Que en la Semana Santa de hace años huí de la ciudad, les decía ayer, y que fueron contaminación ambiental, inseguridad pública y embotellamientos de tránsito los que nos forzaron a huir, a mí y a mi única, hasta anochecer en alguna posada remota Al amanecer… ¡el trópico! ¡El mar! Reviví.
– Lástima no poder quedarnos aquí para siempre -dije a mi Nallieli, y ella: «¿Por qué no, amor?»
– Porque no. ¿Qué haríamos en este lugar de olas y cangrejeras tú, una estudiosa de Teognis el griego y yo, un intelectual pseudo-neo-comunistoide inútil para lo que no sean los achaques de su profesión?
Ahí se entremedió aquel nativo al que le caímos bien por una sola razón, una sinrazón aberrante: «Porque los dos son provincianos como aquí yo, no chilangos hijos de toda su (perdón, señito). Porque chilangos yo me los paso por… ay, perdón».
(Ese odio entre hermanos, irracional, aberración pura No pura, turbia.)
– A ver, volvió a hablar, ¿por qué dice que aquí con nosotros no podría hacerse vivir? Aquí hasta el más pendejete, con perdón…
– ¿Tecleando en la Olivetti a la orilla del mar? -dije.
– Tecleando madres, con perdón aquí de la seño bonita.
– ¿Quizá hacerme vivir componiendo poemas, odas?
– No odas, y ya me lo tutié. Quesque odas. Aquí puras décimas: ‘Yo enamoré a una preñada- por ver qué cosa sentía -y allá por la madrugada..» Por ahí va.
– ¿Cómo, sin ejercer mi oficio, sobrevivir en el trópico?

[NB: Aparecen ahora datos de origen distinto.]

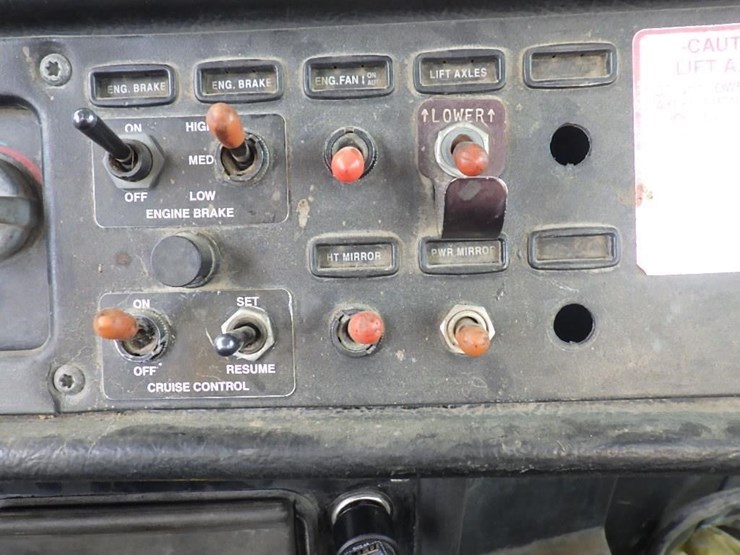 2001-peterbilt-357-image-49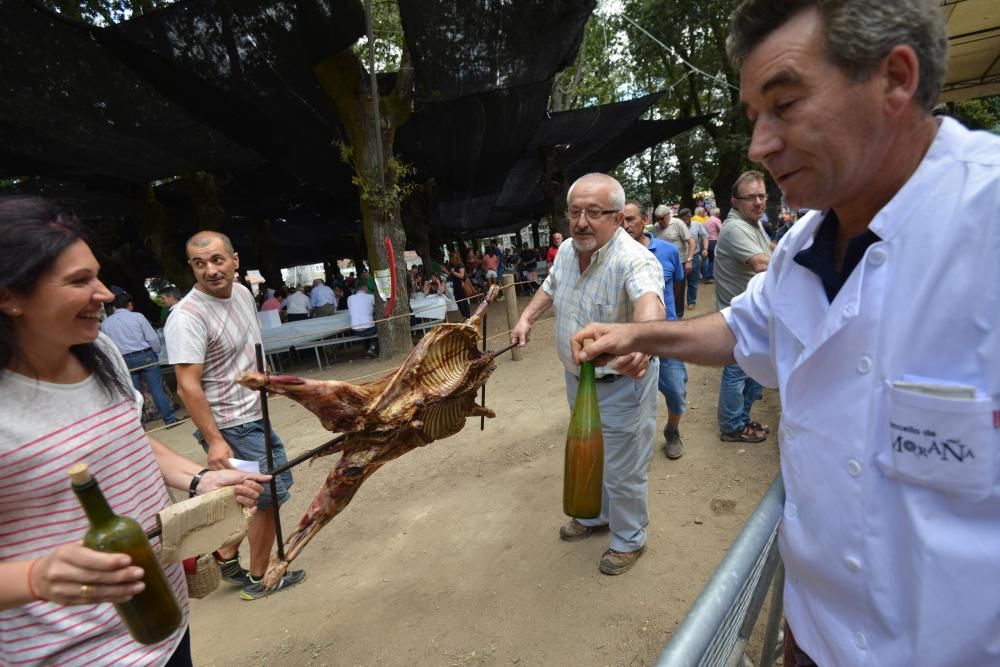 Moraña fue hoy el templo del carneiro ao espeto, plato que degustaron los vecinos y los visitantes acompañado de empanadas de zorza o bacalao con pasas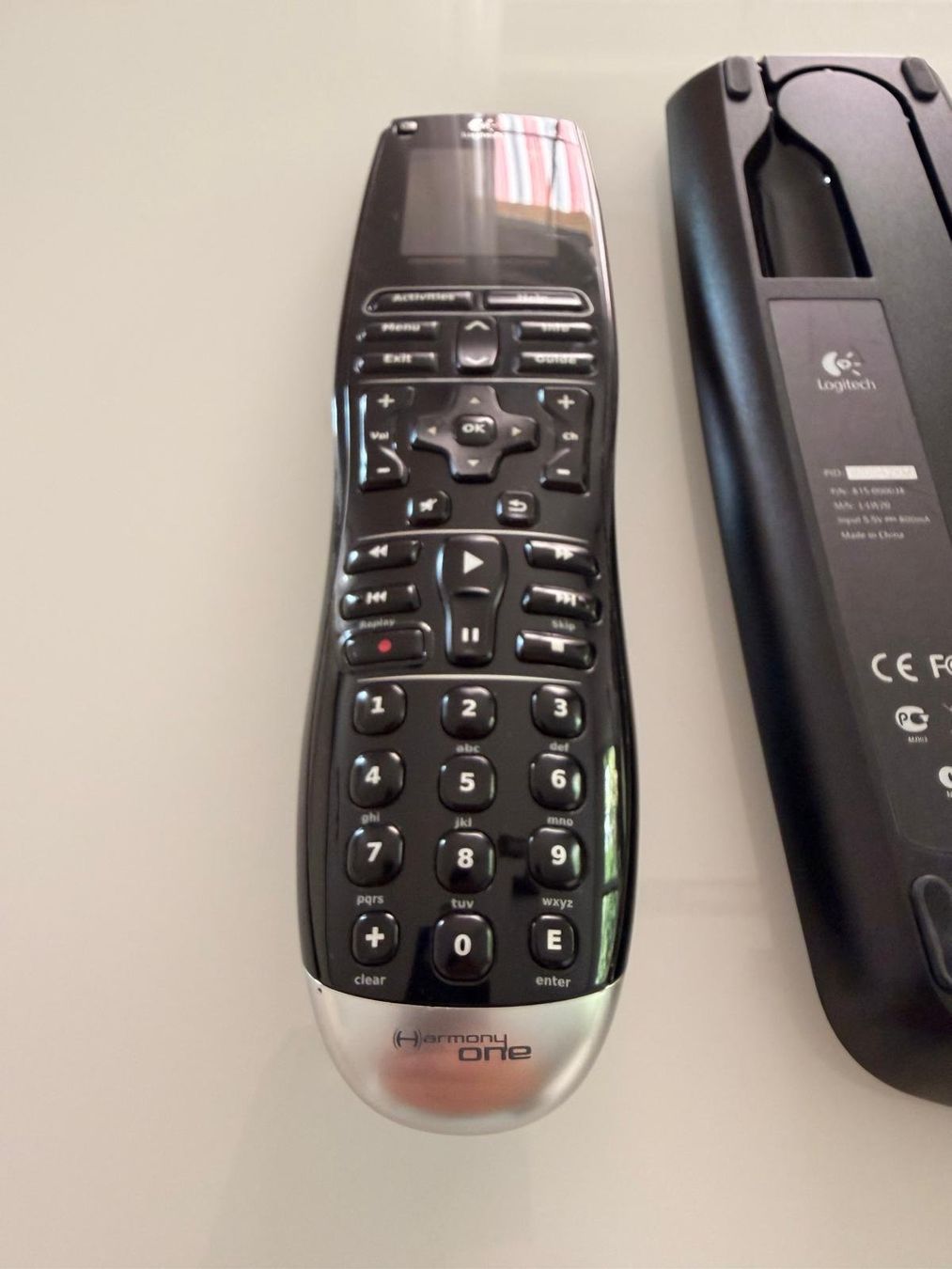 Logitech Télécommandes: Télécommande Logitech Harmony 1100 avec station de recharge – D'occasion à Vouvry par MOPSwiss 3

– Usté es jaranero, lo oí ejecutar la «vozarrona» hace rato; vi que le rezumba con la jarana pa’l zapateado veracruzano. Usté le intelige al muñequeo del instrumento. ¿Entonces? ¿No estoy yo aquí, que soy su padre, su requintero pa’ hacer un dúo de nosotros dos? Mire: en las piqueras, en las marisquerías, en ca’la Tona, en los huapangos. Ya lo oigo echando falsete: «Una iguana subió al palo – más alto de la nación. – De allá, de arriba decía – esto sí que está… pelón, chaparrito…» Que no, que ni hablar, que yo soy escritor, que novelista, periodista, conductor de radio. Y él: «Aquí se lo quitamos, yo aquí lo hago hombrecito».
– En la ciudad están mis alimentos espirituales: Bach, la biblioteca, mis talleres de lectura. ¿Qué haría mi espíritu por estos rumbos, tan lejos de mi matriz cultural?
– Aquí matrices le sobran, con perdón de su señito, y esto de la cultura, ¿no tenemos cultura quiere darme a entender? ¿Cómo de que nosotros no tenemos cultura? Ta usté pendejo, le iba a decir, pero me aguanto por respeto aquí a su güerita Claro que tenemos cultura. Cultura tenemos, y de lo más canelona Por cultura no vamos a parar.
Achis, achis. Miré los alrededores: ¿en dónde la biblioteca, la sala teatral, la exposición pictórica, la.? Manglares, palmeras, tierra en hervor de variopintos matices, ¿pero dónde la sala de conciertos? Cabañas con techos de palma, calles de tierra negruzca palapas, cantinas, marisquerías, el lujurioso burdel de la Tona, de la que el humor nativo suprime (pu) la primera sílaba, ¿pero el arte, la cultura?
– Cultura. Hasta acá, hasta Coscotepiaca de Abajo, nos llega sempiternamente nuestro alimento espiritual. Venga a ver si no, chance y se nos aquerencie como un coscotepiacano más.
Entramos al hotel. A la recepción. «¿Tenemos o no tenemos cultura como para que un intelectual no eche de menos la cultura citadina, pariente?»
Me señalaba hacia el rincón de la estancia y… trágame, tierra del trópico, tierra de Coscotepiaca (de Abajo); ahí, empericado en la repisa de fierro, el artefacto cultural: la televisión en rabioso color.
– ¿Ve? TV Azteca, Televisa y hasta Cablevisión. Cultura pura, como la de los chilangos hijos de toda su con perdón. El clásico pasecito a la red, telenovelas, series gringas, chamacas nativas, puro chonchín o sin ninguna vergüenza sus vergüenzas al aire. ¿Entonces? ¿Por qué no se queda aquí en Coscotepiaca de Abajo, donde tiene garantizado sempiternamente su alimento espiritual, el de todos los mexicanos? ¿Onde mejor pal espíritu? Anuncios de todas las marcas gringas y cimarronas, ¿se imagina?
Me imaginé y, mis valedores: sentí que se me mojaban. Los lagrimales.